Russell will now become the leader in the clubhouse as the NFL player who has done the least for the most money. And he will maintain his position as Exhibit A for management to the union as to what’s wrong with the rookie compensation system (something the union agrees with).
To add to his resume, Russell also becomes the heavyweight champion for the biggest bust in the NFL. The reason: Like everything else, follow the money. While the money given to players such as Ryan Leaf, Tony Mandarich, Tim Couch and others was substantial, it doesn’t rival the $39M prize for Russell. The financial implications, along with the (lack of) production, qualify him for that label.
A better comparison for the “bust” argument would not be other rookies but marquee veteran free-agent signings who provided momentary euphoria for the team and its fan based followed by a trail of disappointment and wasted money (Albert Haynesworth, anyone?).
The $6.45M risk
The timing of Russell’s release was surprisingly after the Raiders’ post-draft minicamp. Russell was carrying a $9.45M number in 2010 with, as noted above, $3M of it guaranteed. So one cut the wrong way or a buckling of the knee could have cost the Raiders $6.45M. Some have even wondered if Russell would take a hammer to his knee one night during minicamp and show up in the trainer’s office the next morning (I can’t prove it, but I’m certain that happened with a player or two at the Packers in my time there).
The question that’s now being asked is whether Russell will join another team, what team and when. My colleague Matt Bowen says no team should waste its time. I say someone will, and the question to ask is not who or when but for how much?
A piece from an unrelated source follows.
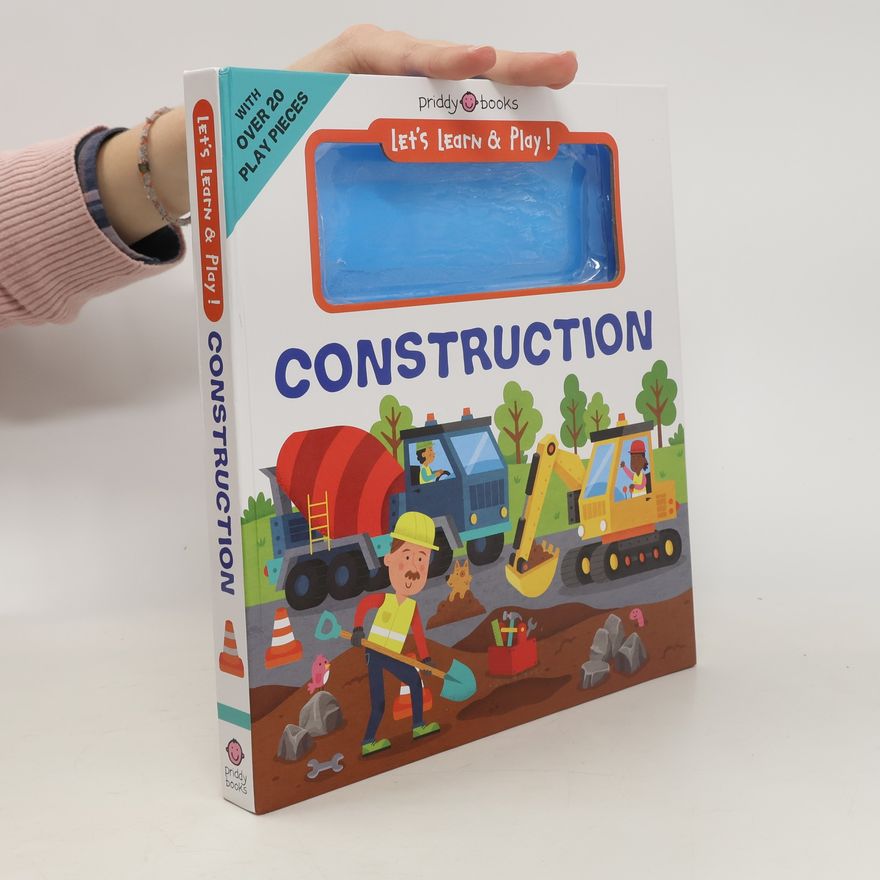 Kolektiv autorů Let's Learn & Play! Construction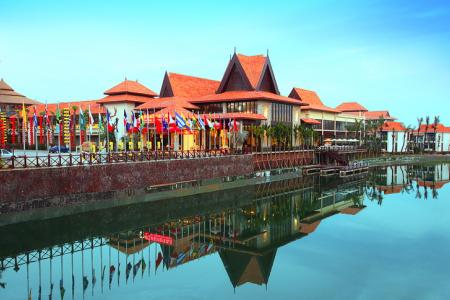 Отель Haohanpo International Resort в Санья - Китай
We know Russell is a talent. We know that if the Raiders didn’t select him first in the 2007 draft, he would have been scooped up soon thereafter. The issue has been his work ethic, discipline and willingness to get better. And a big part of that problem, in my opinion, has been the fact he already had “screw you” money that ensured his status on the team, no matter what his level of performance.
Now he would come to a new team in a completely different situation. Would I consider signing Russell if I was with a team? I’m not a personnel expert, but to me it comes down to risk. If the risk were minimal – a contract that the team could get out of at any time with little to no consequences – and the coaching and scouting staffs were on board, I would do it.
In Green Bay in 2004, after passing on options such as Kerry Collins and others, we signed Tim Couch as a potential backup to Brett Favre. Couch, another former top pick in the draft who had made more than $20M with the Browns, was a low-risk investment and a good guy who was excited to join the team and understood his changed status. Tim had made his money, now he had to make a team (he didn’t and was released in training camp).
Someone will take a chance on Russell and add to his $39M three-year career earnings. The issue is making sure that whatever that is, it represents minimal risk for a player who may only be on the roster for months or even weeks. As to whether that will happen, it will come down to the number of teams interested and any leverage created by more than one suitor.
Sign JaMarcus? Sure, but at his risk, not your own. He’s had too much of the other way around.